▶ DIRECTIONS FOR THIS TASK: Each line of the listing below that includes "Flag" should be reported.

▶ DATASET CONTENT:
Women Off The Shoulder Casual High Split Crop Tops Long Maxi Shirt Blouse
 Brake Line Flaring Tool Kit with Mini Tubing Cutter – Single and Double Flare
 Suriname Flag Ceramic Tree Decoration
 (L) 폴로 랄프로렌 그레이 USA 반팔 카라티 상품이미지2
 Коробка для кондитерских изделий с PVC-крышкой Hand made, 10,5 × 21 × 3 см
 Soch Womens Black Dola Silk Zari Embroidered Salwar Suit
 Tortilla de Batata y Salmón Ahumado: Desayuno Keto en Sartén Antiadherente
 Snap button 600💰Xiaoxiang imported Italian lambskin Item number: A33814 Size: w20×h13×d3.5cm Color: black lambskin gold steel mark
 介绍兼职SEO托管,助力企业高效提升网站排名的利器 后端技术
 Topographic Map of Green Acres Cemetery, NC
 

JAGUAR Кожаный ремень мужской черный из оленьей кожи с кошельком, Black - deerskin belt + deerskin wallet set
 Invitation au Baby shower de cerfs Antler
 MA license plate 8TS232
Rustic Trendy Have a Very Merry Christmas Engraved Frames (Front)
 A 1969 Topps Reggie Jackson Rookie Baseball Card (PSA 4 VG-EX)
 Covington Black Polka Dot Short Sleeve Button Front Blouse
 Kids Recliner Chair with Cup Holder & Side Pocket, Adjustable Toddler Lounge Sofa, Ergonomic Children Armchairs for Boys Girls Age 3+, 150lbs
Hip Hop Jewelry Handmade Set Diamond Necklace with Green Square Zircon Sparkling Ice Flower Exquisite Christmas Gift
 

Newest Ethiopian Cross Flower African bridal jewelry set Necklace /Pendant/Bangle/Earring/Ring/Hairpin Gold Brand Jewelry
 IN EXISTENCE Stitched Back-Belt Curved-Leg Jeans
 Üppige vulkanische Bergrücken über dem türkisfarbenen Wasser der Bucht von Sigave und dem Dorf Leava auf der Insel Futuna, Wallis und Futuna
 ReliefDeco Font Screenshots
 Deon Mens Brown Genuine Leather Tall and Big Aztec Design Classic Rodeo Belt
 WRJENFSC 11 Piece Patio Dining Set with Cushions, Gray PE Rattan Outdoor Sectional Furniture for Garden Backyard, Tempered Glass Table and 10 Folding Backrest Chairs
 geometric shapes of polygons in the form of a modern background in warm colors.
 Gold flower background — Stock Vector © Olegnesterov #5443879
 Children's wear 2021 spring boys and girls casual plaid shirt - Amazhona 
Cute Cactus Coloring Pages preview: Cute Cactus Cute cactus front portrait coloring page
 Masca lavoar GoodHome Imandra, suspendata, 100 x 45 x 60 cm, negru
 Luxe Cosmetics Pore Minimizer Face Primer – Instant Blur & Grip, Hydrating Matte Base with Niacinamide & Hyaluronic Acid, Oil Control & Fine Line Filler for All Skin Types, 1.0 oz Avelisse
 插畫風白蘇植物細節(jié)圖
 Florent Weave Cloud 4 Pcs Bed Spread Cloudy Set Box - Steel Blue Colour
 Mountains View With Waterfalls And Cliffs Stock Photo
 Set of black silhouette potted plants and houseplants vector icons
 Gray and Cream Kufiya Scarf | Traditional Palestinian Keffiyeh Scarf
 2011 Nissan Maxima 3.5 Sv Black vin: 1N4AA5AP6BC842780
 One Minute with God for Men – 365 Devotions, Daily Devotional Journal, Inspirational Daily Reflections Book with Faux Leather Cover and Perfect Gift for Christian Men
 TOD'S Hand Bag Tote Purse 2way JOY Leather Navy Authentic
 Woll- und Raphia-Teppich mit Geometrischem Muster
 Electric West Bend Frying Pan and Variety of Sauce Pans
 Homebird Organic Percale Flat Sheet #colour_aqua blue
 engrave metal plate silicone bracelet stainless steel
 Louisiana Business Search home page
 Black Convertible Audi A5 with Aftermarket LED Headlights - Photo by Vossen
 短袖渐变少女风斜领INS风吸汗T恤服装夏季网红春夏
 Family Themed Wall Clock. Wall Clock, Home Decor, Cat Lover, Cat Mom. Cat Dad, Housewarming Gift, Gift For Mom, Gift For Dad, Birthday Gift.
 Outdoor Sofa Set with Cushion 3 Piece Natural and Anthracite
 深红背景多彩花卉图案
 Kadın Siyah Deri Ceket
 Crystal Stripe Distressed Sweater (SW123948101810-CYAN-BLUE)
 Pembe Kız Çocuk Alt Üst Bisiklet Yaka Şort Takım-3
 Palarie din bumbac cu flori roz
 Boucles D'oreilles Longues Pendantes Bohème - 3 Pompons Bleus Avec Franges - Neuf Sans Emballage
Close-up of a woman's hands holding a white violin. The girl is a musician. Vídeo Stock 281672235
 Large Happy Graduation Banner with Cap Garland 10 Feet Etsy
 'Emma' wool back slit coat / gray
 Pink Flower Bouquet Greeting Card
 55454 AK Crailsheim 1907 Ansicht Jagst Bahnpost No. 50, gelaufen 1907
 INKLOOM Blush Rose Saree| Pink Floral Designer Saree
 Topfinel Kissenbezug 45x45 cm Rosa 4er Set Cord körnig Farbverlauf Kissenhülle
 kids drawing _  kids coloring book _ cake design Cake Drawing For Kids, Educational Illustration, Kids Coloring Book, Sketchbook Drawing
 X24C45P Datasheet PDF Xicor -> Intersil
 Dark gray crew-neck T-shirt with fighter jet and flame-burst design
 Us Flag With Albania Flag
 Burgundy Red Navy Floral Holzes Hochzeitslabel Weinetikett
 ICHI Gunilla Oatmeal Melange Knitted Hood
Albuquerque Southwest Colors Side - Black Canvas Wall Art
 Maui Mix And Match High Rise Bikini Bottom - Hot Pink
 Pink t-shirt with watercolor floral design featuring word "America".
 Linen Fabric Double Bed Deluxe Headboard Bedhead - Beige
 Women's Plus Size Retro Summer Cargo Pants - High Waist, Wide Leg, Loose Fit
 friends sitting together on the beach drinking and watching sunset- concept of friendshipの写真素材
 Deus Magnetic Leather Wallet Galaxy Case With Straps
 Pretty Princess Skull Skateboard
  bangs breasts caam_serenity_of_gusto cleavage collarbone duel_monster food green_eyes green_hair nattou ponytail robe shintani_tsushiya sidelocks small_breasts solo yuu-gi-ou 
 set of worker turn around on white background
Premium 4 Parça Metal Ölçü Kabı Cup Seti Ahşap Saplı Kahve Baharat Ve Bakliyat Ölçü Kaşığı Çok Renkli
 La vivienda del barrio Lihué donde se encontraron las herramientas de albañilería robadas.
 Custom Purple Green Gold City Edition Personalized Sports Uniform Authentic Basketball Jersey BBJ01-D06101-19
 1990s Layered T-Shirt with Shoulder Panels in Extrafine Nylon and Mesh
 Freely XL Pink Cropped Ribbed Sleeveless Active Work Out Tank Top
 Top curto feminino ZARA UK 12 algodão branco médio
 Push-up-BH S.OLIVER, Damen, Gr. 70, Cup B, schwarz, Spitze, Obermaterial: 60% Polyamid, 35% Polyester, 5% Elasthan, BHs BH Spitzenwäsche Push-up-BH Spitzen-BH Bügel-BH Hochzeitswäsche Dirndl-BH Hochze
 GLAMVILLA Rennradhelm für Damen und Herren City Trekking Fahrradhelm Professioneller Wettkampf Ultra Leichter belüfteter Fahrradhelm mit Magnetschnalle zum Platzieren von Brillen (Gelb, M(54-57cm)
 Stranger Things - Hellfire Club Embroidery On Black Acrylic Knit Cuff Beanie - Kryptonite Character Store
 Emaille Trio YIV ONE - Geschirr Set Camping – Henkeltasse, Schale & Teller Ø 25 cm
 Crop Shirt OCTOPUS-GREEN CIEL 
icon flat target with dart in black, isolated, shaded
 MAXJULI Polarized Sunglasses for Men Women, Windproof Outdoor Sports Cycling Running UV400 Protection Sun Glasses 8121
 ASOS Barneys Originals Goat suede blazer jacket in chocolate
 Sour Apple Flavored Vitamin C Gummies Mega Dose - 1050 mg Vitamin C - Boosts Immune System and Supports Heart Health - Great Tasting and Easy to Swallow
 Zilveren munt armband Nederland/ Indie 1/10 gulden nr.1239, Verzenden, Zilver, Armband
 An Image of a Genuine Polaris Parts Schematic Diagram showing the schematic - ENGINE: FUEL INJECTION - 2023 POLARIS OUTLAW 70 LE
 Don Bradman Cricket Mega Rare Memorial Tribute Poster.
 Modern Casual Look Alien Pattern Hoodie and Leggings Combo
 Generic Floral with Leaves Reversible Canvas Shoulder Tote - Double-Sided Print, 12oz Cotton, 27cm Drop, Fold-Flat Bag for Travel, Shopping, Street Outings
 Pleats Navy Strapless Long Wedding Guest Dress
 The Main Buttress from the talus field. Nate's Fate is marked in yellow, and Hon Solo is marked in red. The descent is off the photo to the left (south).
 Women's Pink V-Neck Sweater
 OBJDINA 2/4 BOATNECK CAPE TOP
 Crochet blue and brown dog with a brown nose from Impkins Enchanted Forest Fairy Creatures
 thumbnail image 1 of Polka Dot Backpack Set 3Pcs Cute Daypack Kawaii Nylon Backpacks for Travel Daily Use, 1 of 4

▶ RESPONSE:
 Suriname Flag Ceramic Tree Decoration
 Us Flag With Albania Flag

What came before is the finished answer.